Water scarcity is not a new dilemma in the Middle East, but as populations grow, desertification spreads and temperatures creep higher, leaders in the region are understandably concerned for the future. Poorer countries like Yemen or the Hashemite kingdom of Jordan are particularly vulnerable, while oil-rich nations can at least use their wealth to explore new technologies aimed at boosting groundwater supplies.
Which is how in 2002 the United Arab Emirates came to initiate a cloud-seeding program that allegedly increases precipitation by 20%.
Already concerned about water supplies a decade ago, the late President Sheikh Zayed of the United Arab Emirates (UAE) launched a study that detailed the efficacy of cloud-seeding.
This process involves sending manned planes into specific kinds of clouds as they are forming, and boosting their precipitation output by shooting into their belly flares containing calcium and potassium chloride. These salts expand when water molecules attach to them, according to The National, eventually forcing the cloud to push them out as rain.

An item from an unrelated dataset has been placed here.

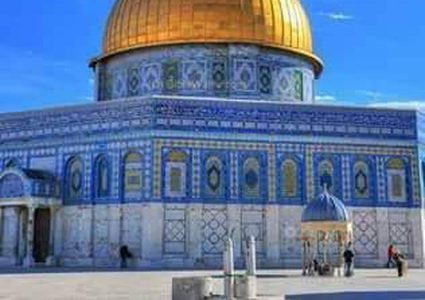 لماذا نقول: لا انتخابات بدون القدس؟!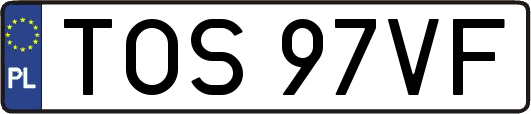 TOS97VF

The UAE is the only nation that has consistently produced results with their cloud-seeding program, in part because of the folks at the National Center for Meterology and Seismology (NCMS) whose job it is to monitor cloud formations.
By watching data that streams in from 50 weather stations throughout the UAE, meteorologists at the NCMS outside Abu Dhabi are able to predict the formation of very specific cloud formations. And once they do, there is a tiny window of opportunity for them to dispatch one out of four pilots to shoot flares into the cloud.
This procedure takes place more frequently during summer. Two of the planes carry ten flares while the remaining two, which are newer, carry 20 flares a piece.
“Up until now, this is the main successful way to save water,” Senior forecaster Ali Mohammed Al Musallam told The National. “But the experimentation cannot stop at this point. We cannot just rely on this. We have to do more studies. We need to follow what is happening outside in the world.”
Meanwhile, researchers in Tel Aviv found that seeding clouds doesn’t work. It may be better just to dance.